Problem Statement

With COVID-19 vaccines widely available in California and the push for individuals to get vaccinated, there has been concern about the relation between age and vaccination status. Specifically, there is worry that, of the 58 counties in California, those which have low median age might be less likely to have a high proportion of fully vaccinated individuals. Our team will investigate the correlation, if any, between age and proportion of fully vaccinated individuals. We will utilize the California Vaccine Progress Dashboard Data and California Demographics Data and analyze this relation on a county level and determine which counties are in need of more support.

Methods

We used two datasets to tackle this project: California Vaccine Progress Dashboard Data & California Demographics Data

The California Vaccine Progress Dashboard Data was accessed through the California Department of Public Health, and sources include the California Immunization Registry and the American Community Survey’s 2015-2019 5-Year data. We filtered out the most recent date (9/14/21) to obtain the an accurate and current assessment of the vaccination status. The other variables we selected were: zip code, county, age 12+ population, fully vaccinated (counts), and whether or not the data had been redacted. This final variable would enable us to impute county-level averages of fully vaccinated to have a more complete picture.

The California Demographics Data was from an unknown source, and the years/dates of the data were not provided. Data about race, gender, family size, number of households and other characteristics were provided. We only selected the county and median age columns from this dataset.

In our subsetted dataset of 1764 observations, we noticed that 5 counties were listed as NA, so, instead of excluding those, we searched the zip codes to manually replace them with the county names. Moreover, we noticed that there were many observations where the age 12+ population was less than the number of fully vaccinated. To address this situation, we decided to first exclude those observations from the calculation of the county-level average of fully vaccinated people. Once we imputed the county-level averages for observations with missing data, we added those excluded observations back into the dataset and calculated a county-level summary mean.
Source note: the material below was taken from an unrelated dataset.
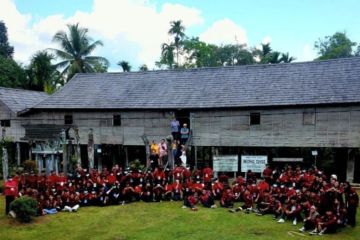 Mahasiswa UPR pelajari arsitektur rumah adat Betang Toyoi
Next, we created an aggregated dataset, grouping by county and creating 4 columns: total age 12+ population, average fully-vaccinated, percentage of fully vaccinated, and proportion of fully vaccinated.

Finally, we joined the datasets, using “county” as a key. This would allow us to then assess the relationship between median age and fully vaccinated percentage/proportion by county.

Results

Figure 1

The scatterplot indicates the absence of a linear relationship between median age and percent of fully vaccinated by county.

Table 1

Table 1 displays the county median age and average percent of fully vaccinated persons for COVID-19 for all 58 counties in California.

Figure 2

With the exception of Marin County, the bubble chart shows a positive trend that as the average fully vaccinated and the total population increase, the percent of fully vaccinated increases as well.

Figure 3

The ordered presentation of counties in the bar chart facilitates for the identification of counties with the lowest and highest average percentage of fully vaccinated for COVID-19.

Discussion

The results of our preliminary analysis suggest that there is little to no correlation between median age and the proportion of fully vaccinated individuals, as can be seen from Figure 1.

From Table 1 we noticed that though Marin County had the highest percent of fully vaccinated individuals and Lassen County the lowest, the median age for both counties is classified as middle-aged and thus had no notable difference. The bubble chart (Figure 2) generally suggests that counties with smaller populations are less likely to have a high proportion of fully vaccinated individuals. Lastly, from the bar chart (Figure 3), we recognize 17 counties with the lowest percentage of fully vaccinated (< 50%). These counties may be more prone to COVID-19, so it is vital to increase surveillance and provide necessary support to reduce the transmission of SARS-CoV-2 in these areas.

Overall, based on our investigation, we suggest that Lassen County and all other counties that have a less than 50% of fully vaccinated be the main recipients of extra aid and support to increase vaccination rates.

In the future, we hope to explore the relationships between proportion of fully vaccinated and other factors such as race, gender, and owners vs renters (indicator for SES).